/ por Eugenio Fuentes /
El 1 de octubre de 1940, el Hotel de Francia, situado en la calle general Mola de la localidad gerundense de Port Bou, extendió una factura por importe de 166,95 pesetas a nombre de «el hoy difunto Benjamin Walter». La factura, que incluía un cargo de 30 pesetas por vestir al cadáver, contenía al menos un segundo error. Tras haber cruzado la frontera francesa con grandes penalidades, el pensador Walter Benjamin, cardiópata, había fallecido la noche del 26 de septiembre, tal vez la madrugada del 27, horas después de haber ingerido una quincena de comprimidos de morfina. Su propósito inicial era seguir viaje a Lisboa y allí embarcarse rumbo a Estados Unidos, donde le esperaba su amigo el filósofo Adorno. Sin embargo, la angustiosa perspectiva de ser devuelto a la Francia antisemita del colaboracionista Pétain, y entregado a la Gestapo nazi, quebró los últimos diques de su ya frágil resistencia. El pensador judío, una de las mentes más fértiles, originales e influyentes del siglo XX, un heterodoxo a la contra con mirada de poeta, un navegante solitario en las aguas marxistas de la luego llamada Escuela de Fráncfort, tenía 48 años. Se supone que sus restos fueron alojados en un nicho del cementerio local, alquilado por cinco años, aunque nunca han sido localizados. El grupito que le acompañaba en la huida fue autorizado a seguir viaje.
El suicidio y los dos últimos años de la vida de Benjamin alimentan el libro La muerte de Walter Benjamin y la jaula de Ezra Pound, que incluye como contrapunto al angustioso final del pensador la deriva fascista del autor de los Cantares. El volumen llega a la vez que dos celebradas obras de Benjamin: Calle de sentido único e Infancia berlinesa hacia mil novecientos. Los tres títulos se publican en este 2021 en el que se cumple el primer centenario de uno de los textos políticos más relevantes del Benjamin joven, Hacia una crítica de la violencia, que en el convulso marco histórico legado por la primera guerra mundial (revueltas obreras y auge nacionalista), niega la intangibilidad de los ordenamientos jurídicos, ya que su instauración, resalta, y su mantenimiento exigen el ejercicio de la violencia.
Si, como veremos, Calle de sentido único, una de sus pocas obras mayores publicadas en vida, inaugura un nuevo tipo de escritura filosófica basada en alegorías y plasmada en textos breves, Infancia berlinesa hacia mil novecientos es una colección de recuerdos infantiles seleccionados por la influencia vital que les atribuyó el propio Benjamin, quien llegó a considerarlos el fundamento último de su teoría de la experiencia.

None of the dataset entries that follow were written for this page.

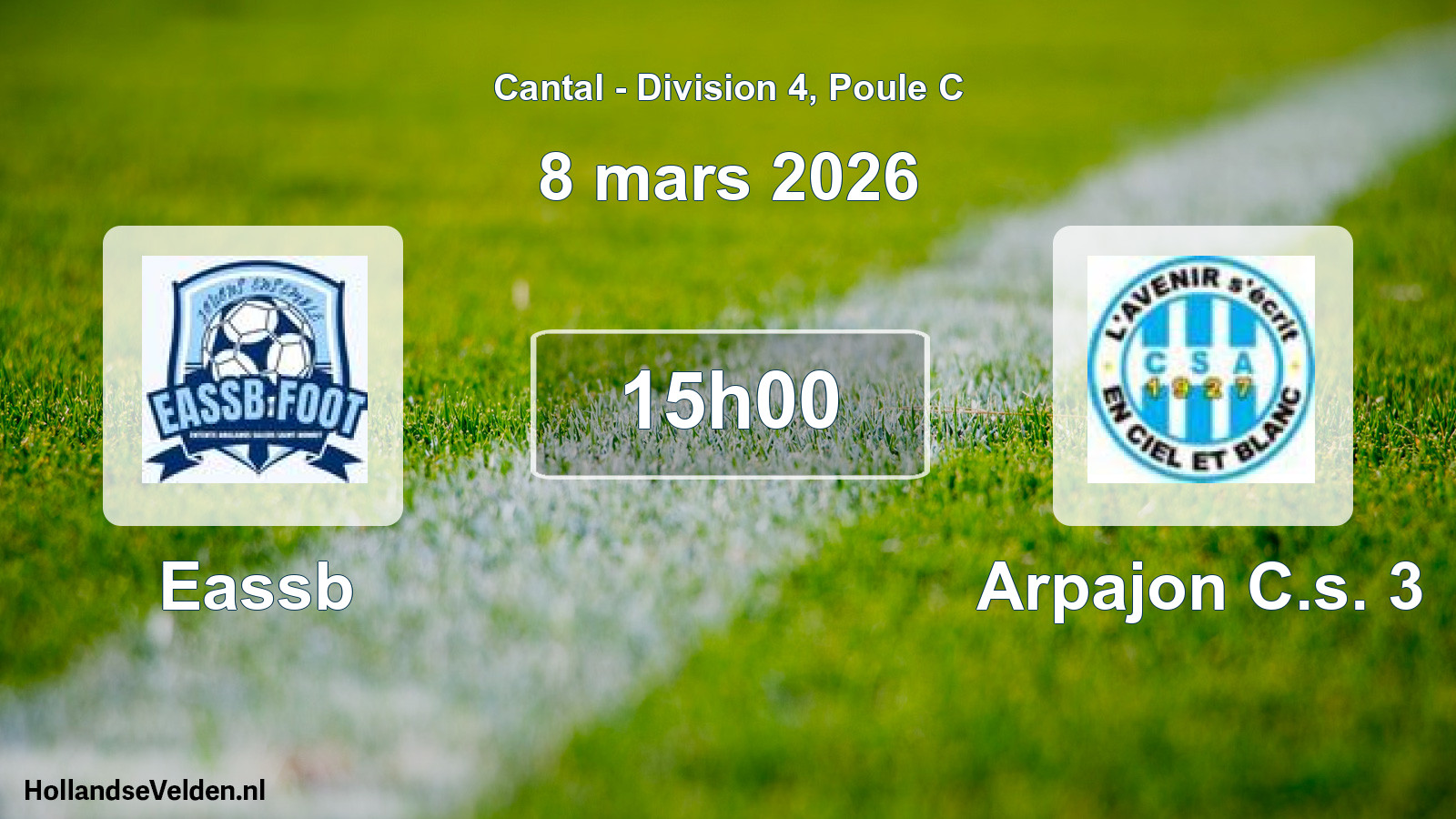 Geplande wedstrijd: Eassb - Arpajon C.s. 3 (8 maart 2026)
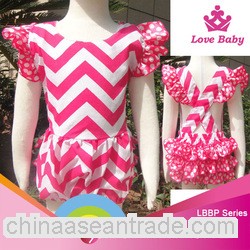 Wholesale red chevron romper baby scales set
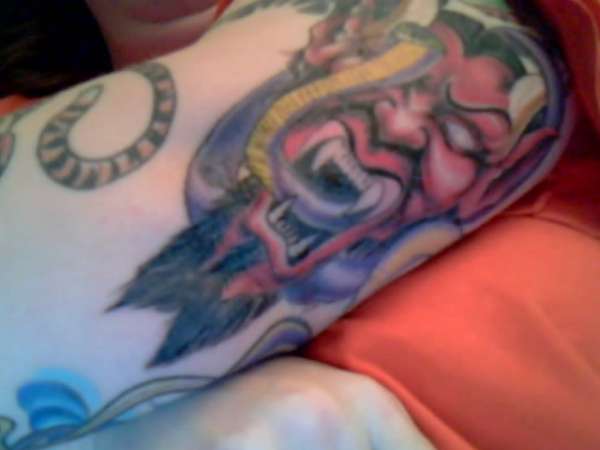 devil w snake tattoo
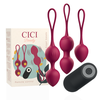 CICI Beauty Premium Silicone Kegel Training Set 3pcs Vibrating &amp; Remote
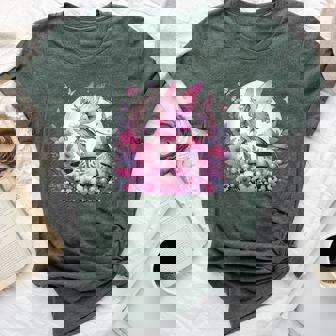 Enchanted Forest Fantasy Fairy Mystical Butterfly & Floral Bella Canvas T-shirt | Mazezy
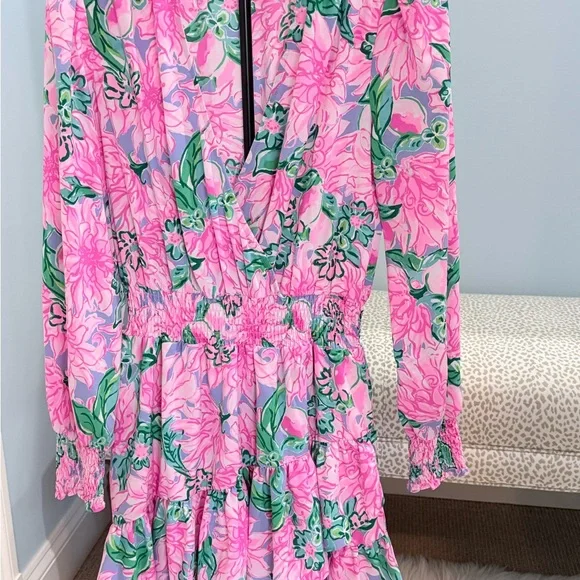 Lilly Pulitzer Pink Floral Dress - Picture 2 of 4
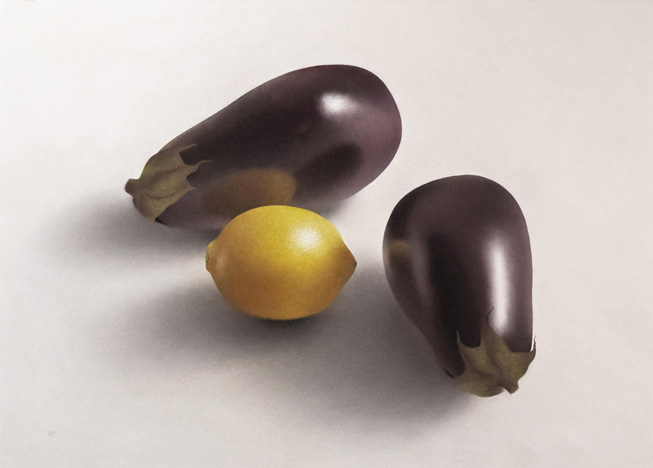 Robert Peterson - Two Eggplants and Lemon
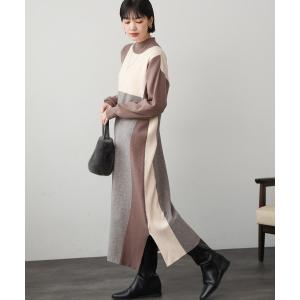 ワンピース 前後2WAYCRAZYパネル細見えワンピース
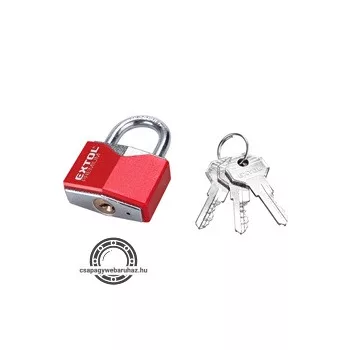   lakat, vas, rombusz alakú, műanyag borítás, 3db kulcs; 50mm, edzett acél kengyel, szárátmérő: 8 mm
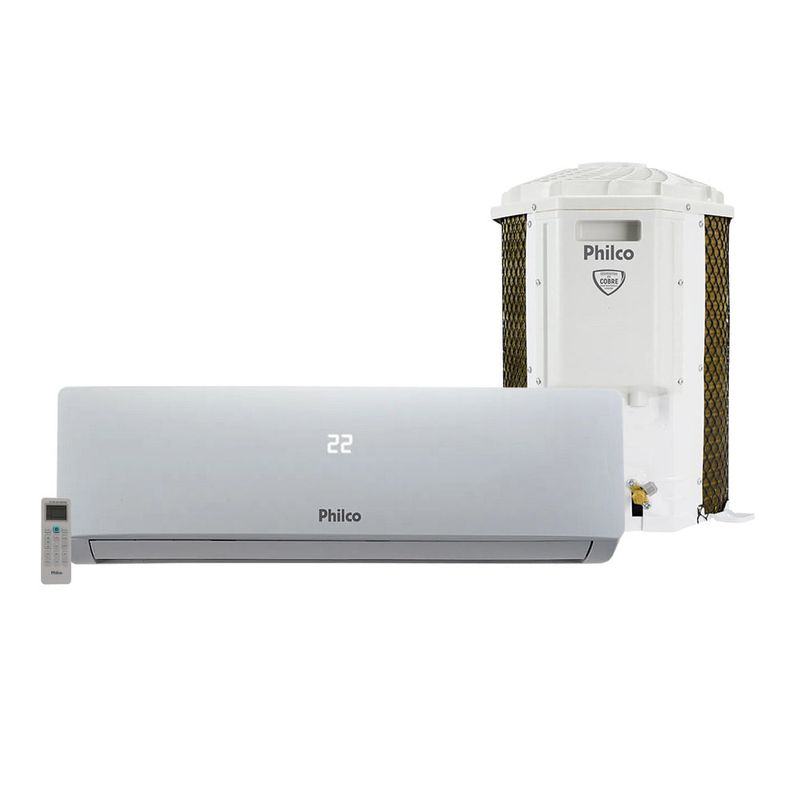 ArCondicionadoSplitHiWallPhilco12000BTUhQuenteeFrioMonofasicoPAC12000TQFM12–220Volts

Escrito durante unos diez años desde finales de la década de 1920, y publicado póstumamente en 1950, por sus páginas de prosa exquisita desfila el marco espacial y emocional esperable en un niño burgués de finales del siglo XIX, que ya se anticipa solitario y con tendencia a la tristeza y a no soportar el ruido. Lo que ya no es tan esperable es el giro que el Benjamin adulto le imprime al recuerdo. Así, el juego infantil de desplegar unos calcetines enrollados en forma de bolsa, y la inevitable desaparición de esta, no permiten anticipar la conclusión experiencial: «Me enseñó que la forma y el contenido, lo envuelto y el envoltorio son idénticos. Me instruyó para extraer de la poesía la verdad con tanta cautela como la mano infantil sacaba de la bolsa el calcetín».

Cuarenta años después
Volvamos a Port Bou. La muerte de Walter Benjamin… es el tercer volumen de la serie de «ensayos gráficos» Manifiesto incierto, aplaudida empresa del dibujante y escritor francosuizo Frédéric Pajak, que arrancó en 1999 con La inmensa soledad (Errata Naturae, 2015). El éxito del título, concebido en torno a las figuras de Nietzsche y Pavese, y sus respectivas «estancias huérfanas» en Turín, animó a Pajak a abordar trabajos similares sobre Apollinaire, Joyce o Schopenhauer, que sirvieron de banco de pruebas a los nueve volúmenes que hasta ahora cuenta Manifiesto incierto y que la editorial promete traducir en su totalidad.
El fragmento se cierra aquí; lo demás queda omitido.